The Crying Girl on the border. AP
The winning photo depicted a crying two-year-old child while her mother, a Honduran asylum-seeker was detained by US border authorities at the US-Mexico border in McAllen, Texas. The image created an outrage over US president Donald Trump's administration’s policy of separating children from their parents — part of its "zero tolerance" stance towards people who illegally cross into the United States.
The photograph of the girl appeared in a much controversial cover of TIME magazine where she could be seen wailing in front of a visibly angry Trump.
Even though this image reflected Trump's hardline push on immigration, it was later determined that the child and mother were held together at a processing centre and released weeks later, pending a future asylum hearing, HuffPost reported.
The World Press Photo jury felt the image was nonetheless powerful enough to merit the prestigious award.
The Girl in the Blue Bra (2011)
The Girl in the Blue Bra referred to the image of a veiled young Egyptian woman, who participated in the Tahrir Square protests in 2011 in Opposition to the military rule of Egypt's Supreme Council of the Armed Forces (SCAF).
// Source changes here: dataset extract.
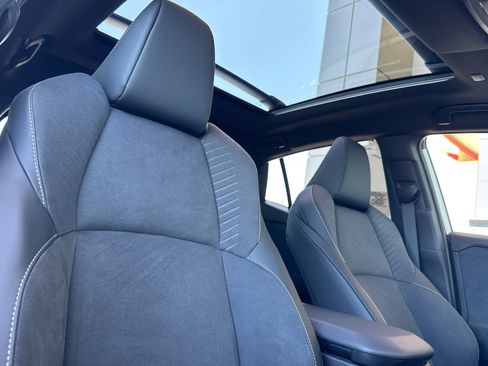 New 2026 Toyota C-HR AWD/4WD image 18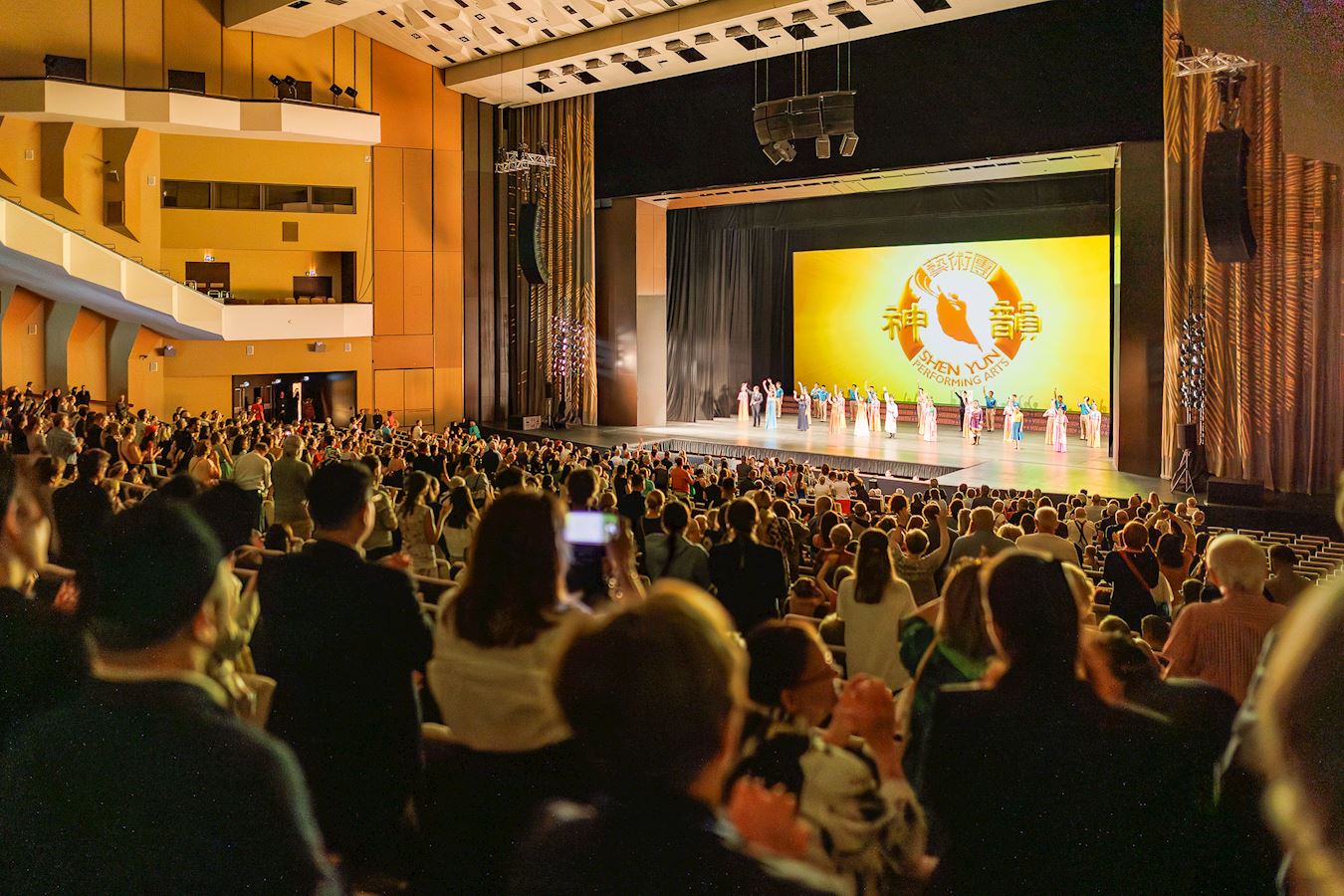 '图3:二零二五年五月一日下午,神韵巡回艺术团在捷克首都布拉格会议中心(Teatro Ópera)的第二场演出爆满,谢幕时观众们起立鼓掌欢呼。'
The Girl in the blue bra. Reuters
In the image, the girl's face is covered, her torso bare except for her blue bra; she is just a few seconds away from being kicked by a soldier. The picture became a visual symbol of abuse of power by the Egyptian military. It also depicted the cry of several thousand Egyptian women who marched in the country's capital demanding the end of military rule.
It sparked widespread national and global reactions from individuals and the media.
"The horrifying picture fills whoever sees it with nausea. No one could believe that this could happen to an Egyptian after ten months of a revolution that started in defense of dignity," commentator Fahmy Howeidy had said.
"This picture has become an international scandal that puts any Egyptian to shame," he said in al-Shorouk newspaper.
Former US secretary of state Hillary Clinton had said in a speech at Georgetown University that the image showed the "systematic degradation of Egyptian women which dishonors the revolution, disgraces the state and its uniform, and is not worthy of a great people".
Alan Kurdi (2015)
During Summer of 2015, Turkish photojournalist Nilufer Demir, while covering the European migrant crisis, had taken a picture of three-year-old Syrian boy Alan Kurdi lying dead on the beach of Bodrum, Turkey.

The washed up body of Alan along the shore. Reuters
Kurdi drowned on 2 September, 2015 in the Mediterranean Sea. His family were Syrian refugees trying to enter Europe amid the refugee crisis.
In the early hours of 2 September, Kurdi and his family boarded a small rubber inflatable boat, which capsized five minutes later after they left Bodrum. Sixteen people were on the boat, which was designed for a maximum of eight people. They were reportedly trying to reach the Greek island of Kos, about four kilometres from Bodrum.
The photograph of Alan's body washed up along the ashore — half in the sand and the other half in the water; with sneakers on his feet — quickly spread around the world, prompting international responses.
Alan, his older brother Ghalib and his mother Rihanna all drowned, joining the list of more than 3,600 other refugees who lost their lives in the eastern Mediterranean in 2015, according to TIME.
Omran Daqneesh (2016)
Photographer and media activist Mahmoud Raslan had taken a picture of a small boy, sitting alone coated with dust and encrusted blood, his feet barely touching the ground and a look of bewilderment on his face, as if gauging the mood of Syria.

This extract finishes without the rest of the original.